Conoce Coldroot: Un troyano de Mac que ha permanecido oculto durante años

En el día de hoy os vamos a hablar de Coldroot, un troyano para Mac capaz de controlar remotamente equipos de forma silenciosa, lo que le ha permitido pasar desapercibido durante años. Patrick Wardle, jefe de investigación en Digita Security ha revelado en un artículo detalles acerca de este troyano. Este tipo de malware se instalan y obtienen acceso a niveles muy profundos del sistema operativo con el fin de obtener un completo control remoto del equipo en un momento determinado. Tras una serie de análisis realizados al malware Wardle pudo comprobar que ninguno de los proveedores de antivirus listados en VirusTotal fueron capaces de detectarlo, a pesar de que su código fuese publicado el pasado 2016.
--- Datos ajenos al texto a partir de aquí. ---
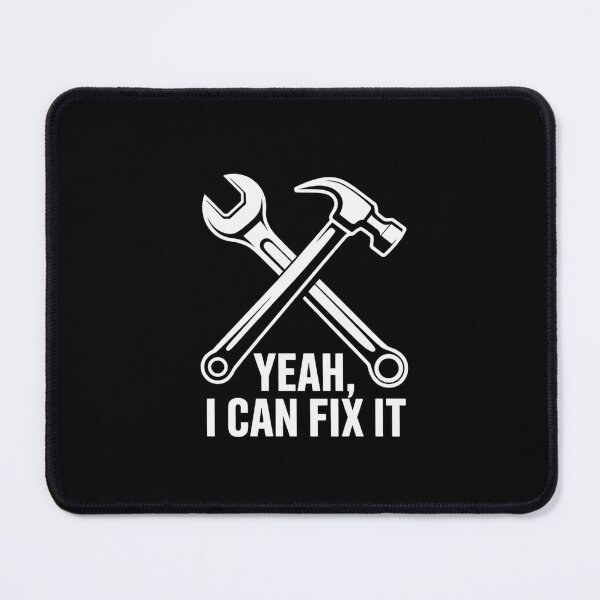 Item preview, Yeah, I Can Fix It! - The Repair Ace designed and sold by FrenchTouch77.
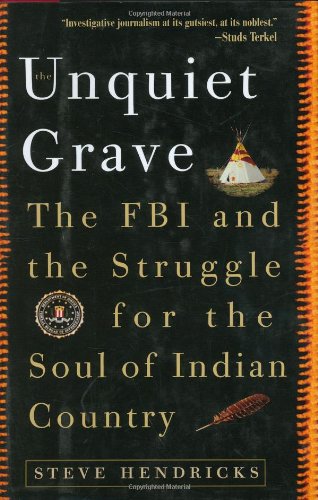 The Unquiet Grave: The FBI and the Struggle for the Soul of Indian Country
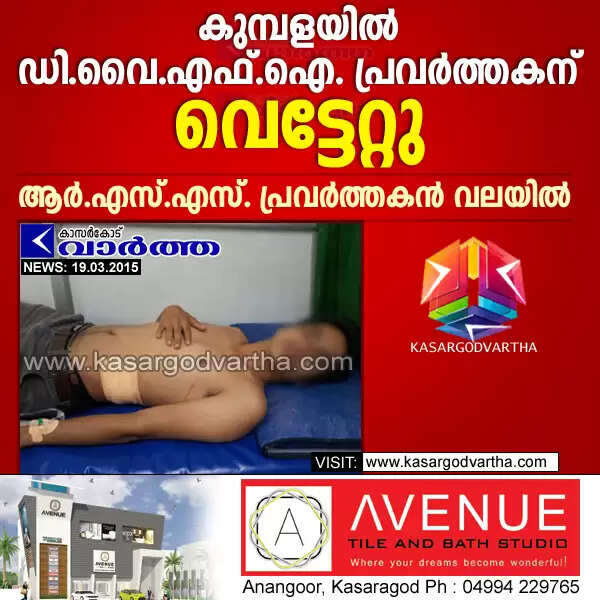 കുമ്പളയില് ഡി.വൈ.എഫ്.ഐ. പ്രവര്ത്തകന് വെട്ടേറ്റു; ആര്.എസ്.എസ്. പ്രവര്ത്തകന് വലയില്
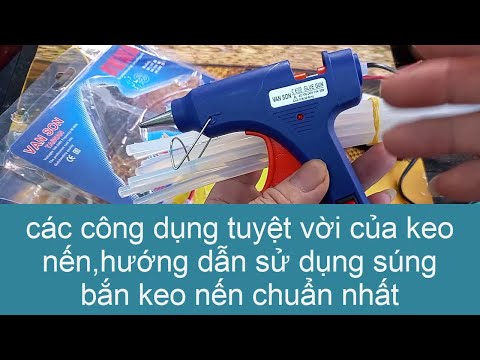 Video: Súng bắn keo: chọn loại nào tốt hơn, cách sử dụng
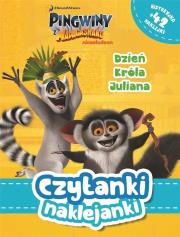 Okładka książki Czytanki naklejanki Dzień Króla Juliana Pingwiny z Madagaskaru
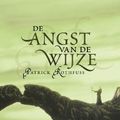 Cover Art for 9789022550601, De angst van de wijze / druk 1 by Patrick Rothfuss, Patrick Rothfuss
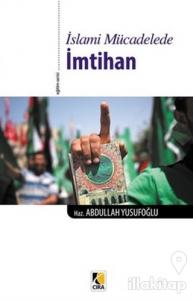 İslami Mücadelede İmtihan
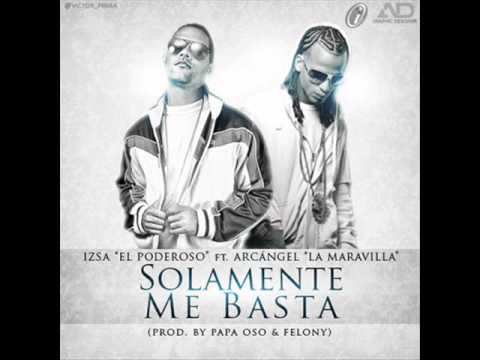 Solamente Me Basta  -  Izsa El Poderoso Ft. Arcangel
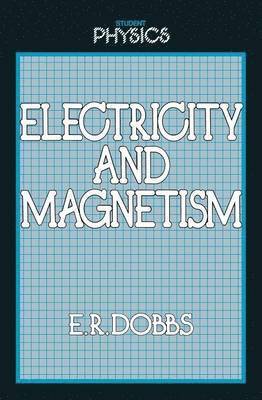 E. R. Dobbs, Roland Dobbs - Electricity and Magnetism, Häftad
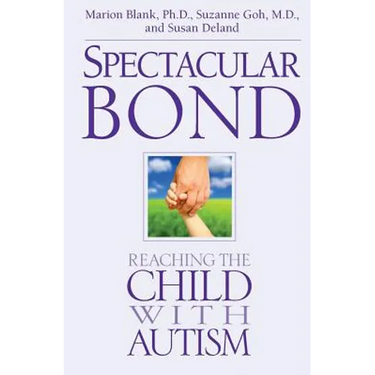Spectacular Bond: Reaching the Child with Autism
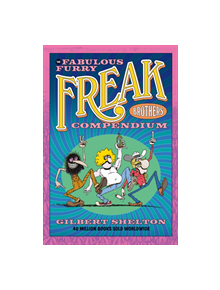 The Fabulous Furry Freak Brothers Compendium - 9780861662838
Según Wardle, cuando el malware entra en acción puede grabar y robar contraseñas, listar archivos, renombrarlos, descargarlos y borrarlos además de poder ver el escritorio de manera remota y apagar el equipo. Coldroot se enmascara como un documento, el cual cuando se abre muestra una pantalla solicitando la contraseña del usuario con la esperanza de obtener sus credenciales, tras esto el malware se instalará y contactará con su servidor de control quedándose a la espera de instrucciones de un atacante. Sin embargo, para ganar un acceso total a los niveles más internos de MacOS el malware necesita ganar acceso a las funciones de accesibilidad, algo para lo que necesitaría que la víctima lo añadiese a preferencias del sistema, algo que sin duda nadie haría. “Aunque no se trate de un malware muy sofisticado, es bastante completo” Dijo Wardle.

Figura 1: Coldroot.

Para superar esta barrera Coldroot modifica la base de datos de privacidad permitiendo que el malware interactúe con los componentes del sistema. Una vez hecho esto el troyano se aloja en el terminal y será capaz de permanecer en él y ponerse en funcionamiento cada vez que el sistema se reinicie. Apple ha logrado parchear este malware en MacOS Sierra protegiendo la base de datos con system integrity protection haciendo imposible que el malware gane acceso incluso teniendo la contraseña de la víctima.

Wardle ha dicho que su herramienta gratuita para Mac puede ayudar a protegerse frente a este tipo de ataques y que ya ha notificado a los proveedores de antivirus de este caso para que tomen medidas al respecto.